Text/Interview: Björn Brückerhoff
Bild: Christopher Michel (mit freundlicher Genehmigung von Howard Rheingold)
Social Media ist mal als ganz gute Idee gestartet. Während man in den 90er-Jahren im Web noch oft auf zeitungsähnliche Einseitigkeit setzte und die Nutzer allenfalls Leserbriefe per E-Mail senden durften, entwickelte sich nach dem Platzen der Dotcom-Blase im Jahr 2000 eine neue Generation von Anwendungen. Die Nutzerzahlen stiegen – davon weitgehend unabhängig – ohnehin weiter stark an und neue Geschäftsmodelle wurden möglich. Statt die Nutzer mit Inhalten zu berieseln, setzte man nun darauf, die Nutzer die Inhalte liefern zu lassen und gab ihnen die nötigen Werkzeuge dafür an die Hand. Die Unternehmen stellten die Plattformen zur Verfügung und konzipierten (im Wesentlichen intransparente) Algorithmen, mittels derer die Inhalte zu den Nutzern gelangen sollten – und umgekehrt.
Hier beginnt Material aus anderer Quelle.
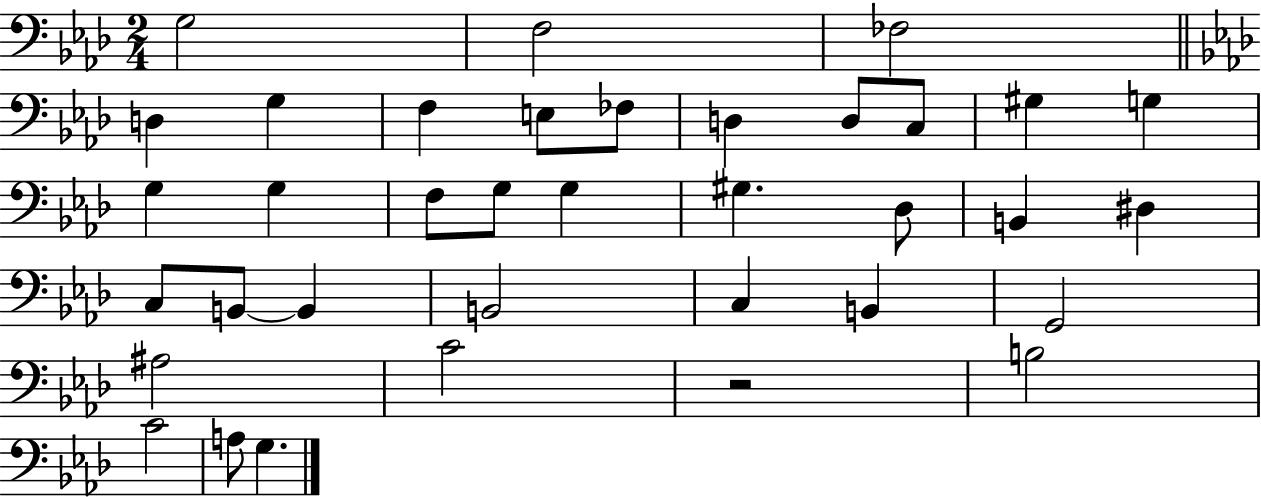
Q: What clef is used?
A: bass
Dr. Björn Brückerhoff, geb. 1979 in Bielefeld, hat Neue Gegenwart gegründet und ist Herausgeber, Chefredakteur und grafischer Gestalter des Magazins. Grimme Online Award- und Lead Awards-Preisträger. Studium (Kommunikationswissenschaft, Politikwissenschaft und Psychologie, M. A.) und Promotion (Kommunikationswissenschaft) an der Westfälischen Wilhelms-Universität Münster, Industriekaufmann (Bertelsmann), Medienpraktiker seit 1996. Seine Schwerpunkte in Lehre, Forschung und Publikationstätigkeit sind die gesellschaftlichen und ökonomischen Wirkungen des digitalen Medienwandels. Freiberuflich tätig als Journalist, Autor, Dozent und grafischer Gestalter: Büro Björn Brückerhoff.
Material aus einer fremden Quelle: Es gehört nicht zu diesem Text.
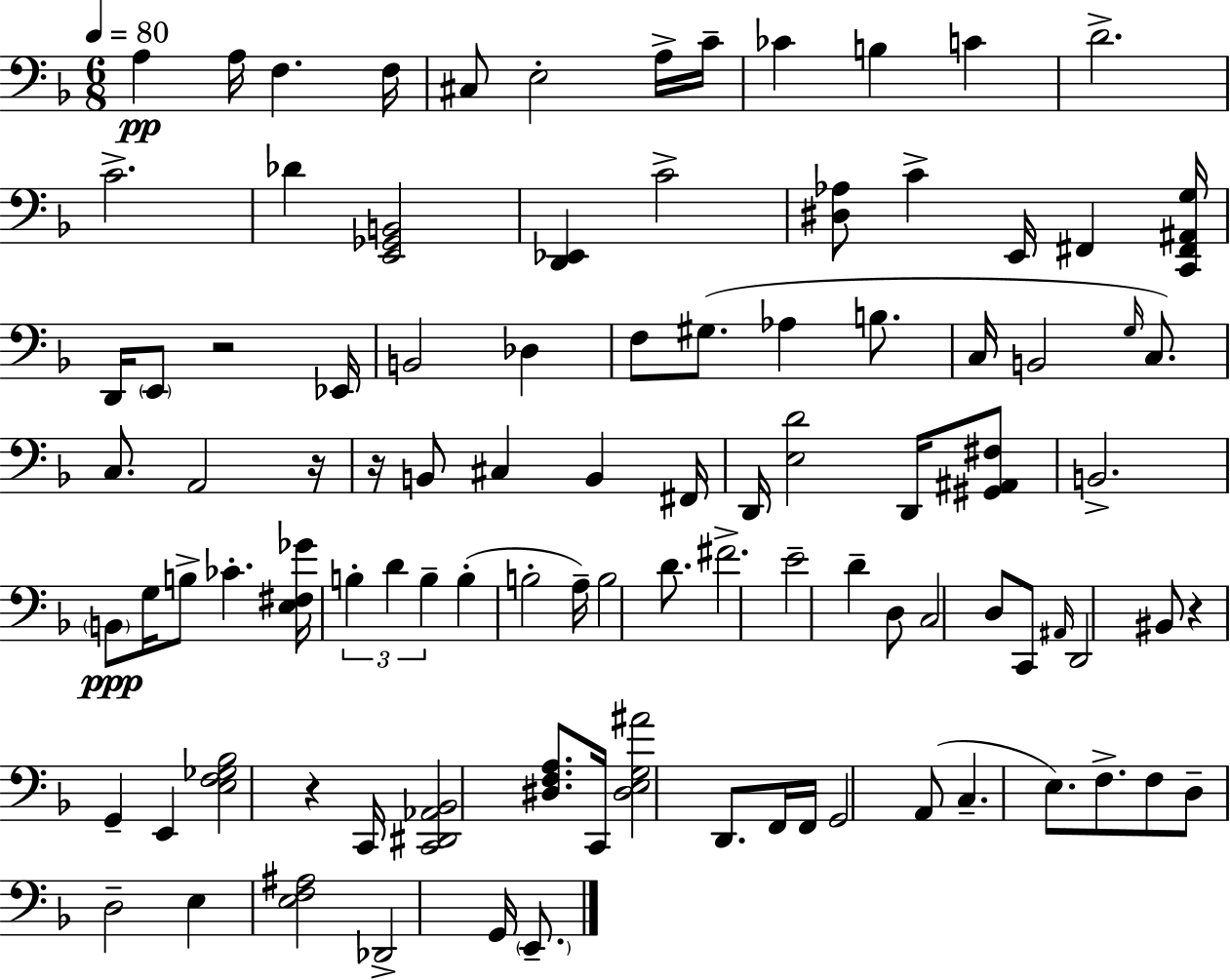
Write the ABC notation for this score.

Internet-Intellektuelle, die bereits im Usenet den Traum einer Agora gelebt hatten, frohlockten. Autoren wie Douglas Rushkoff, die mit der Verbreitung des Internets schon weit vor Social Media nichts weniger als eine neue Renaissance kommen sahen, waren beglückt. Und dann passierte das, was im Nachhinein völlig naheliegend erscheint: Der Zugang zur Öffentlichkeit im Internet war frei und weitgehend unreguliert, keine Redaktion wählte aus, was zu sehen war, also erkannten Unternehmen und politische Akteure (Parteien aller Richtungen, politische Bewegungen) die Potenziale der Technik für sich. Durch die Vermischung von privater und öffentlicher Kommunikation in den Social Networks reichte der Arm der professionellen Kommunikation auf einmal bis in den Freundeskreis: a brand like a (Facebook) friend. Douglas Rushkoff hat die Folgen dieser Entwicklung 2014 eindrucksvoll in seiner TV-Dokumentation Generation Like dargestellt.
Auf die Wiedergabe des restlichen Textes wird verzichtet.